Chapter IX. Defeat At Oxford—Death Of Lord Palmerston—Parliamentary Leadership. (1865)

In public life a man of elevated mind does not make his own self tell upon others simply and entirely. He must act with other men; he cannot select his objects, or pursue them by means unadulterated by the methods and practices of minds less elevated than his own. He can only do what he feels to be second-best. He labours at a venture, prosecuting measures so large or so complicated that their ultimate issue is uncertain.—Cardinal Newman.

I

The faithful steward is a chartered bore alike of the mimic and the working stage; the rake and spendthrift carries all before him. Nobody knew better than Mr. Gladstone that of all the parts in public life, the teasing and economising drudge is the most thankless. The public only half apprehends, or refuses to apprehend at all; his spending colleagues naturally fight; colleagues who do not spend, have other business and prize a quiet life. All this made Mr. Gladstone's invincible tenacity as guardian of the national accounts the more genuinely heroic. In a long letter from Balmoral, in the October of 1864, he began what was destined to be the closing battle of the six years' war. To Mrs. Gladstone he wrote:—

I have fired off to-day my letter to Lord Palmerston about expenditure. For a long time, though I did not let myself worry by needlessly thinking about it, I have had it lying on me like a nightmare. I mean it to be moderate (I shall have the copy when we meet to show you), but unless he concurs it may lead to consequences between this time and February. What is really painful is to believe that he will not agree unless through apprehension, [pg 139] his own leanings and desires being in favour of a large and not a moderate expenditure....

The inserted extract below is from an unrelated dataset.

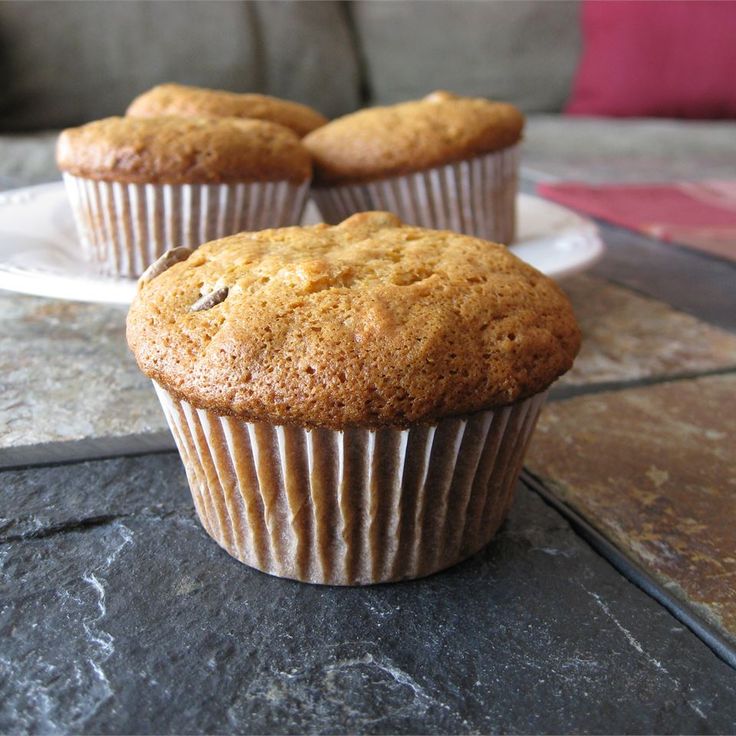 three muffins sitting on top of a white plate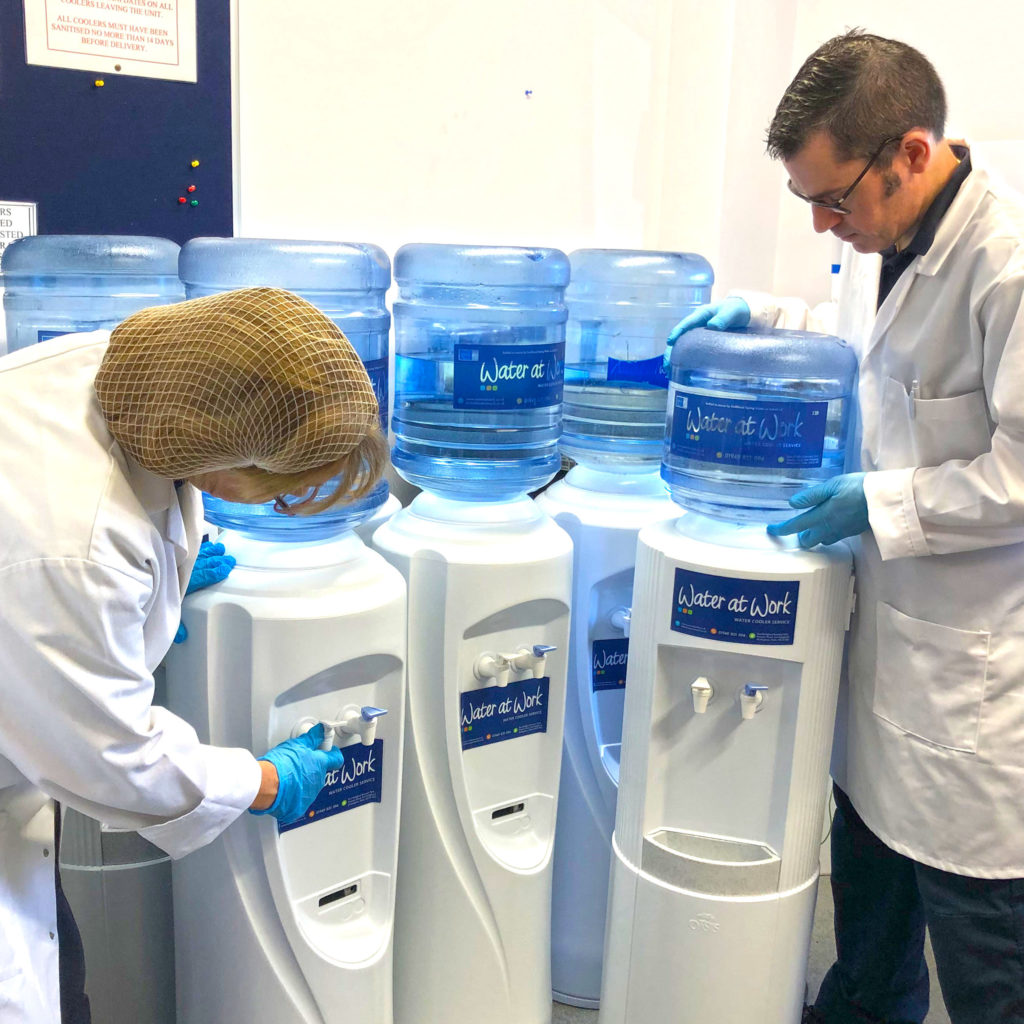 Employees sanitising water coolers.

Figures, details, points, were varied, but the issue was in essence the same, and the end was much the same. Lord Palmerston took his stand on the demands of public opinion. He insisted (Oct. 19) that anybody who looked carefully at the signs of the times must see that there were at present two strong feelings in the national mind—the one a disinclination to organic changes in our representative system, the other a steady determination that the country should be placed and kept in an efficient condition of defence. He pointed to the dead indifference of the workmen themselves to their own enfranchisement as evidence of the one, and to the volunteer movement as evidence of the other.

Mr. Gladstone rejoined that it was Lord Palmerston's personal popularity, and not the conviction or desire of the nation, that kept up estimates. Palmerston retorted that this was to mistake cause and effect. “If I have in any degree been fortunate enough to have obtained some share of the goodwill and confidence of my fellow-countrymen, it has been because I have rightly understood the feelings and opinion of the nation.... You may depend upon it that any degree of popularity that is worth having can be obtained only by such means, and of that popularity I sincerely wish you the most ample share.” The strain was severe:—

Oct. 1, 1864.—I still feel much mental lassitude, and not only shrink from public business, but from hard books. It is uphill work. Oct. 21.—A pamphlet letter from Lord Palmerston about defence holds out a dark prospect. Oct. 22.—Wrote, late in the day, my reply to Lord Palmerston in a rather decisive tone, for I feel conscious of right and of necessity.